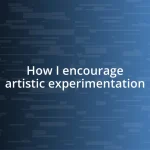 How I encourage artistic experimentation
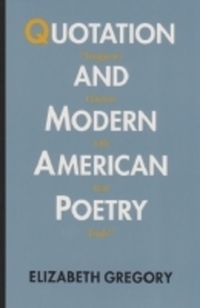 Book Cover for Quotation and Modern American Poetry by Elizabeth Gregory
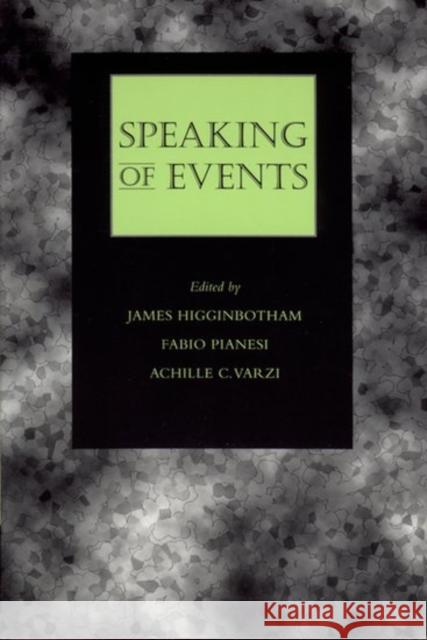 Speaking of Events James Higginbotham Fabio Pianesi Achille C. Varzi 9780195128079 Oxford University Press, USA - książka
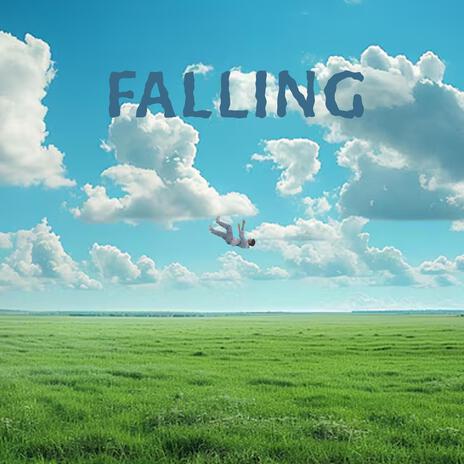 Falling | Boomplay Music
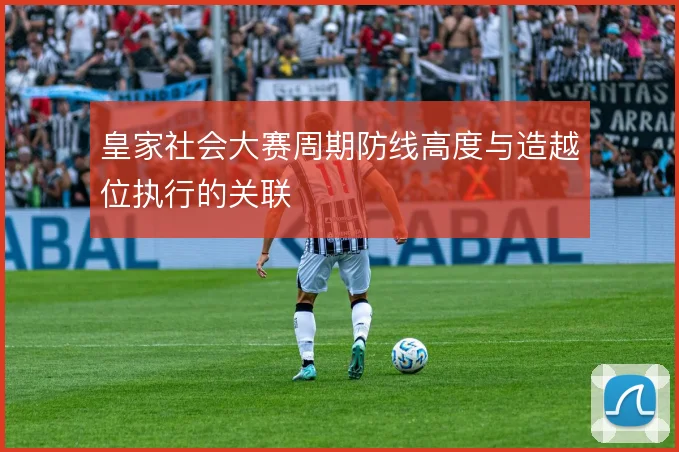 皇家社会大赛周期防线高度与造越位执行的关联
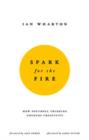 Spark for the Fire : How youthful thinking unlocks creativity - eBook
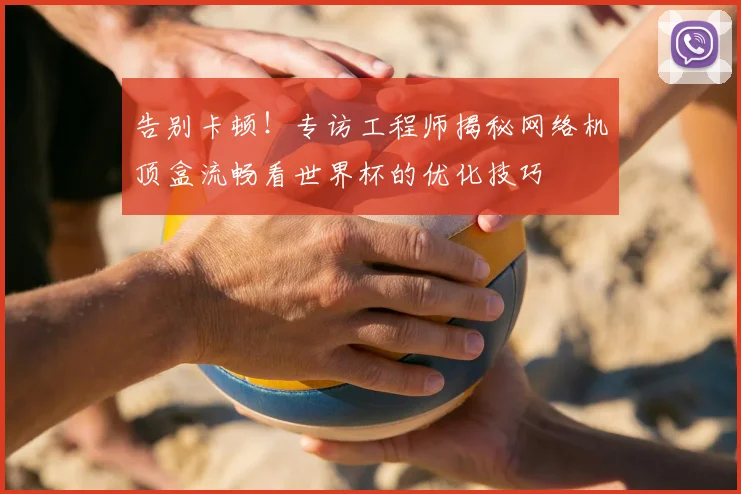 告别卡顿！专访工程师揭秘网络机顶盒流畅看世界杯的优化技巧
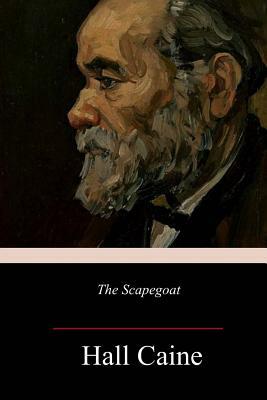 The Scapegoat by Hall Caine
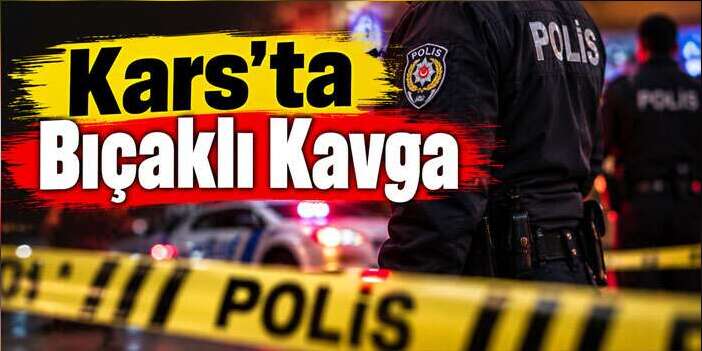 Kars’ta Bıçaklı Kavga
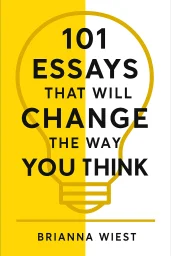 101 Essays That Will Change The Way You Think cover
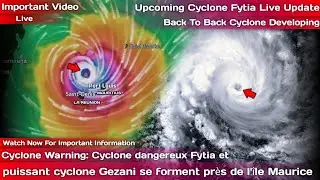 Cyclone Warning: Cyclone dangereux Fytia et puissant cyclone Gezani se forment pr&egrave;s de l'&icirc;le Maurice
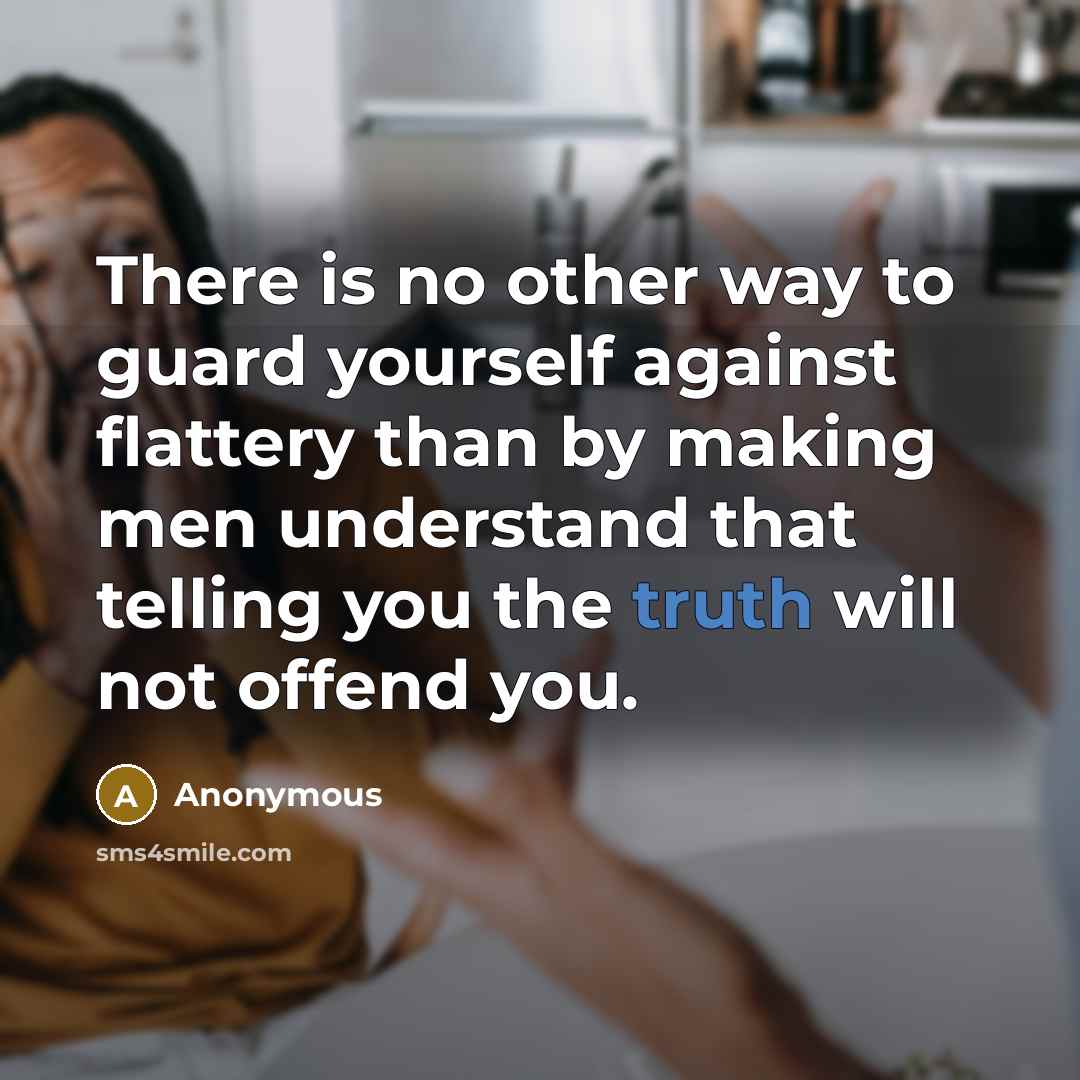 “There is no other way to guard yourself against flattery…” quote by Anonymous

━━━━━━━━━━━━━━━━

> **Your assignment**: The response should consist of the entries above, given again exactly and free of pictures.

> **Exercise solution**:
 How I encourage artistic experimentation
 Book Cover for Quotation and Modern American Poetry by Elizabeth Gregory
 Speaking of Events James Higginbotham Fabio Pianesi Achille C. Varzi 9780195128079 Oxford University Press, USA - książka
 Falling | Boomplay Music
 皇家社会大赛周期防线高度与造越位执行的关联
 Spark for the Fire : How youthful thinking unlocks creativity - eBook
 告别卡顿！专访工程师揭秘网络机顶盒流畅看世界杯的优化技巧
 The Scapegoat by Hall Caine
 Kars’ta Bıçaklı Kavga
 101 Essays That Will Change The Way You Think cover
 Cyclone Warning: Cyclone dangereux Fytia et puissant cyclone Gezani se forment pr&egrave;s de l'&icirc;le Maurice
 “There is no other way to guard yourself against flattery…” quote by Anonymous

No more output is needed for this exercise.